Problem requirements: Pictures do not belong in the copy, so please give every entry below again exactly.

[Text-to-region grounding data]
= Beginning of Section =

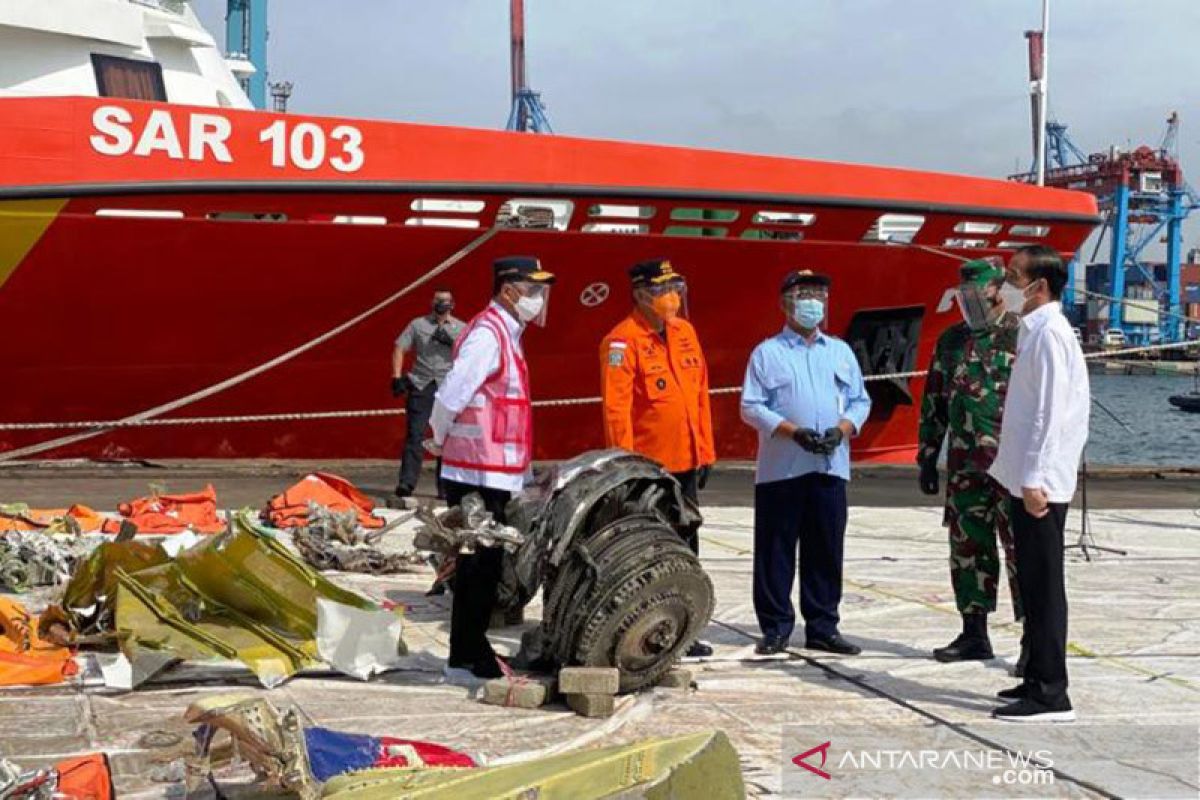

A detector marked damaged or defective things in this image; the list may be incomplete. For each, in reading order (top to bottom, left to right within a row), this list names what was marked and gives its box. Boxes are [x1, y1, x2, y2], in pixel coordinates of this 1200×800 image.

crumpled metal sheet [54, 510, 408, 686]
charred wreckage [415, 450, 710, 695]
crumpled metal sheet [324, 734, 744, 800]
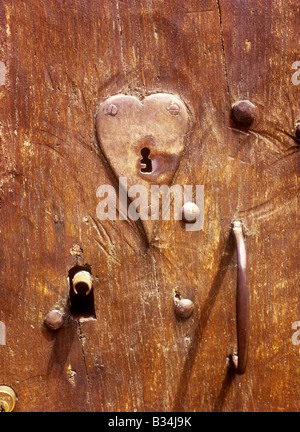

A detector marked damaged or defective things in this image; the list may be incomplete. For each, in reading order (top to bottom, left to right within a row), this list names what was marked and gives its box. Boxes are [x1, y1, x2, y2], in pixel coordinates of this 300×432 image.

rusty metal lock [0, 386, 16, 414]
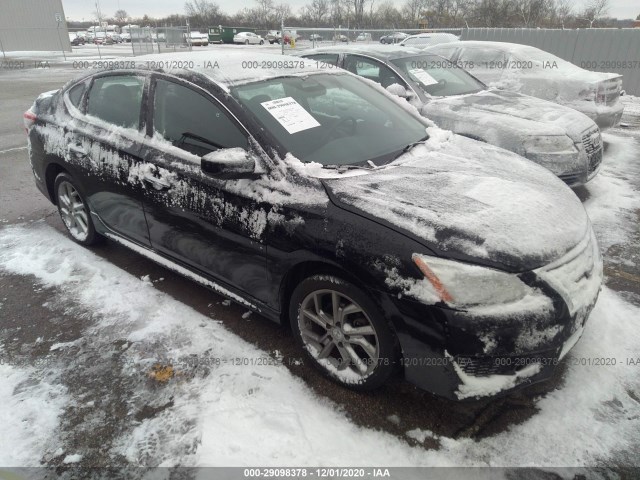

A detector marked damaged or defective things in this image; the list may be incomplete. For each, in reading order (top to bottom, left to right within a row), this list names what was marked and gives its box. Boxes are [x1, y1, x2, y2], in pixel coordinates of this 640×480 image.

= End of Section =

Final answer:
A detector marked damaged or defective things in this image; the list may be incomplete. For each, in reading order (top to bottom, left to right within a row), this list names what was marked and gives its box. Boxes are [x1, y1, x2, y2], in pixel coordinates of this 1200×800 image.

crumpled metal sheet [54, 510, 408, 686]
charred wreckage [415, 450, 710, 695]
crumpled metal sheet [324, 734, 744, 800]

A detector marked damaged or defective things in this image; the list may be incomplete. For each, in reading order (top to bottom, left to right within a row), this list names what was marked and gives its box. Boxes are [x1, y1, x2, y2], in pixel coordinates of this 300×432 image.

rusty metal lock [0, 386, 16, 414]

A detector marked damaged or defective things in this image; the list may be incomplete. For each, in reading order (top to bottom, left to right within a row), this list names what was marked and gives its box. Boxes are [x1, y1, x2, y2], in pixel coordinates of this 640×480 image.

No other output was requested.